* **Instructions for the task**:
Type out the complete listing below word for word, without its pictures.

* **The data**:
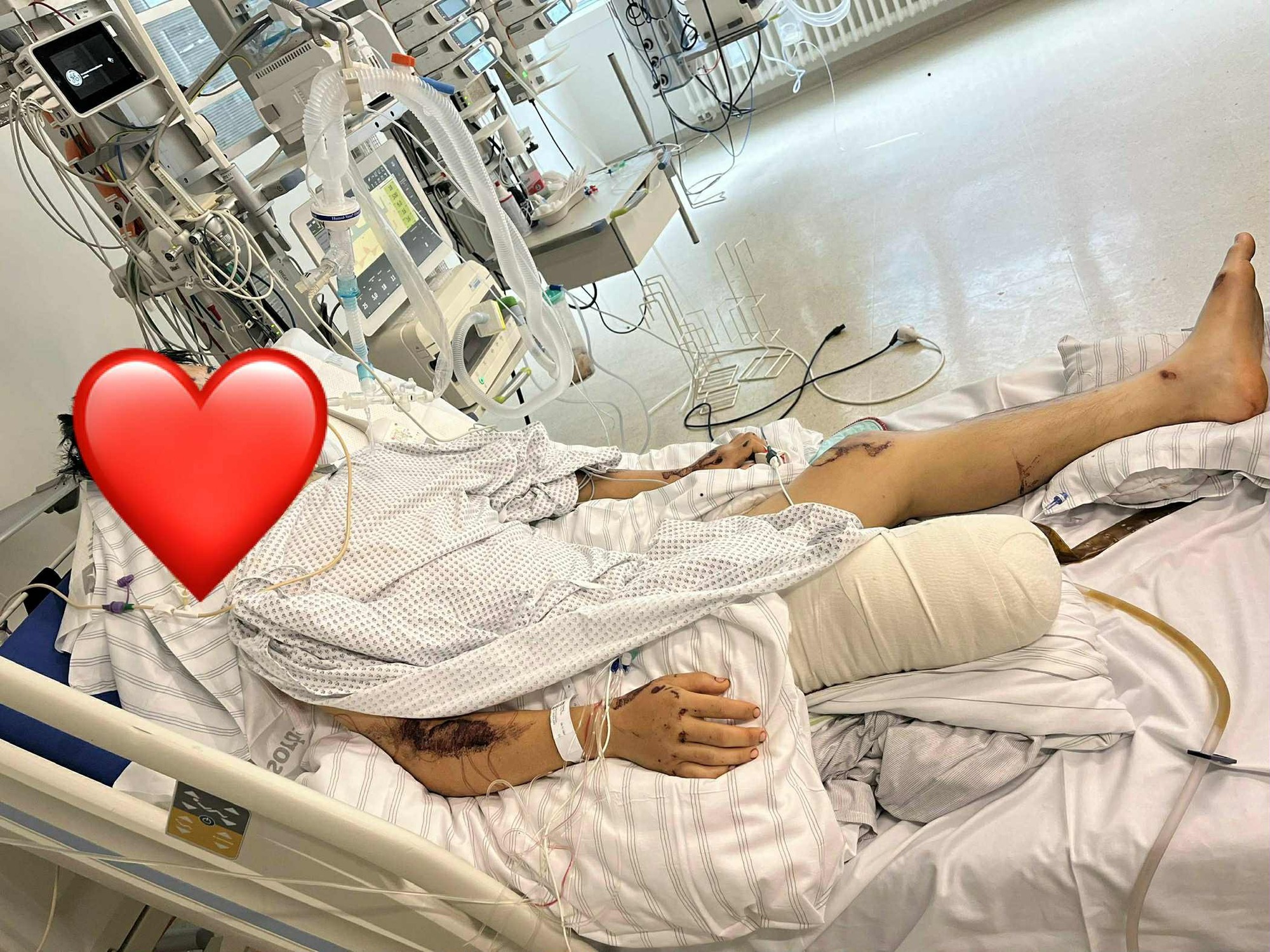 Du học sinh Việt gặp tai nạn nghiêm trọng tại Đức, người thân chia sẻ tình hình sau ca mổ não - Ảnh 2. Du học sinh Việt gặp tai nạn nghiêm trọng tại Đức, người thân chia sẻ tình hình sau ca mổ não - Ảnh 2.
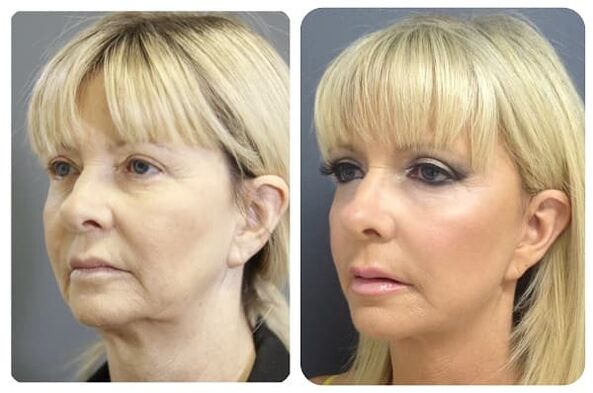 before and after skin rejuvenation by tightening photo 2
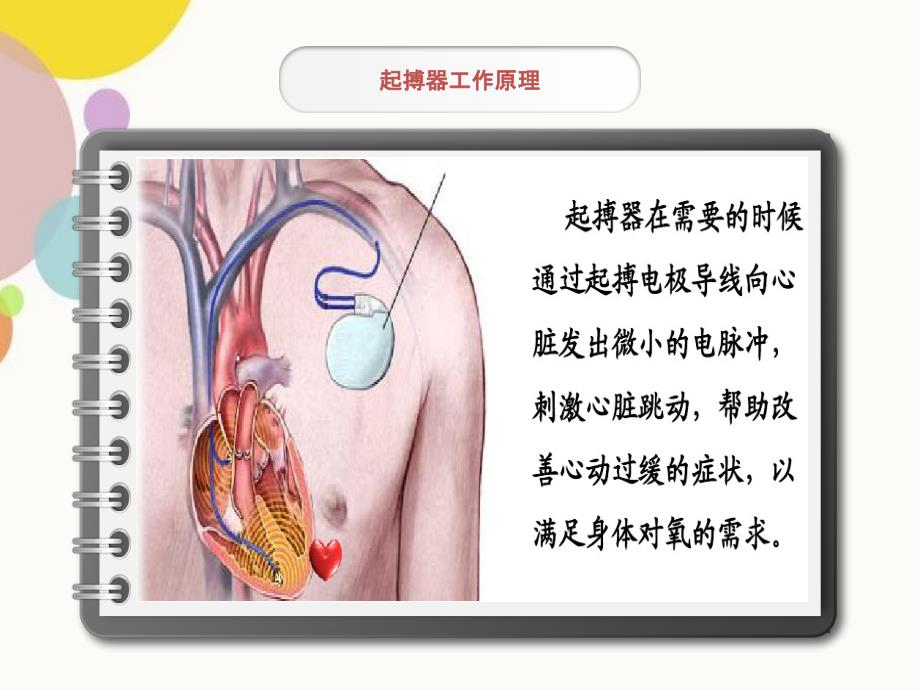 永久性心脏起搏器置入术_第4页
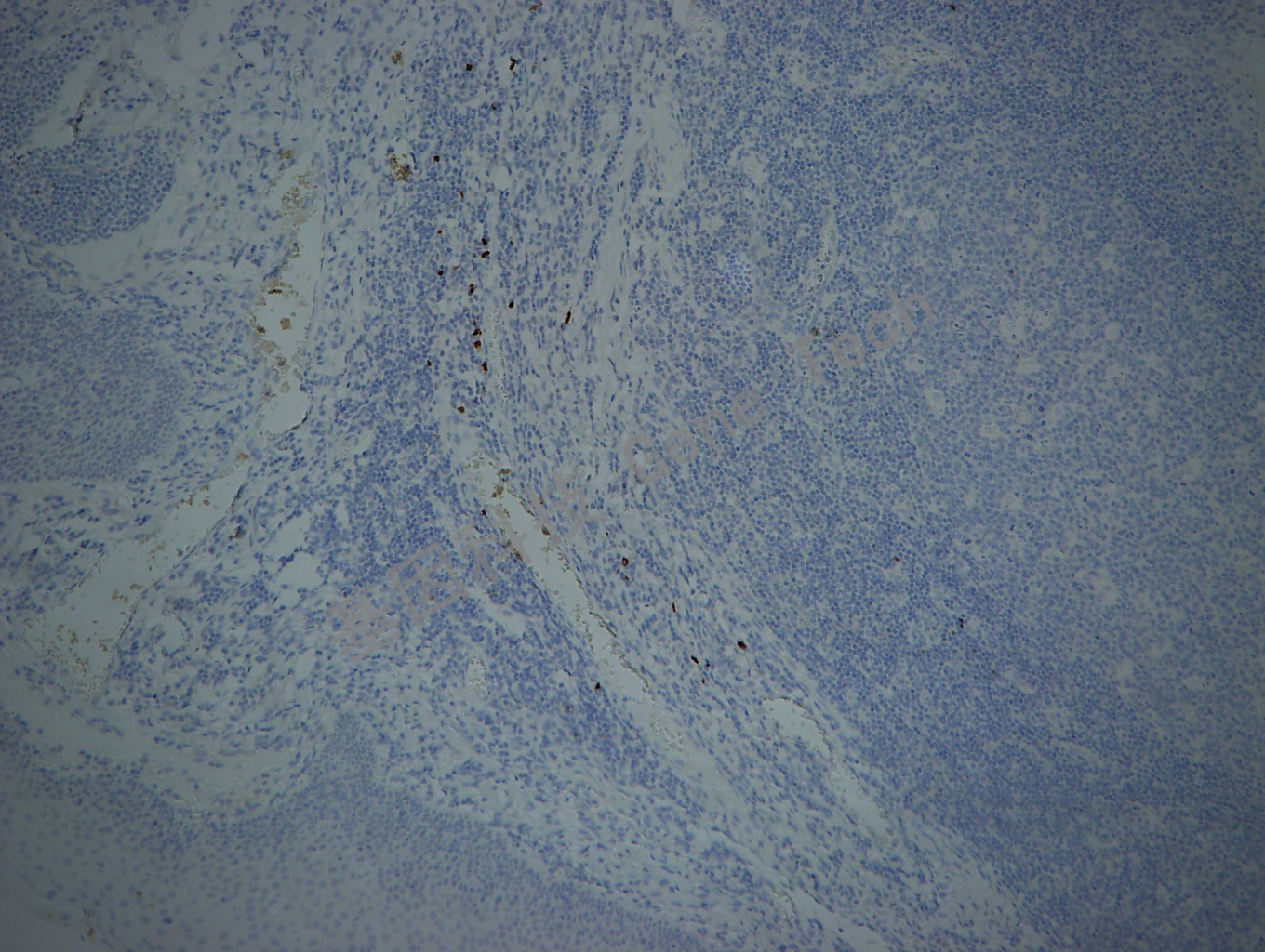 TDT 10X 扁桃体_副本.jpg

* **Response**:
 Du học sinh Việt gặp tai nạn nghiêm trọng tại Đức, người thân chia sẻ tình hình sau ca mổ não - Ảnh 2. Du học sinh Việt gặp tai nạn nghiêm trọng tại Đức, người thân chia sẻ tình hình sau ca mổ não - Ảnh 2.
 before and after skin rejuvenation by tightening photo 2
 永久性心脏起搏器置入术_第4页
 TDT 10X 扁桃体_副本.jpg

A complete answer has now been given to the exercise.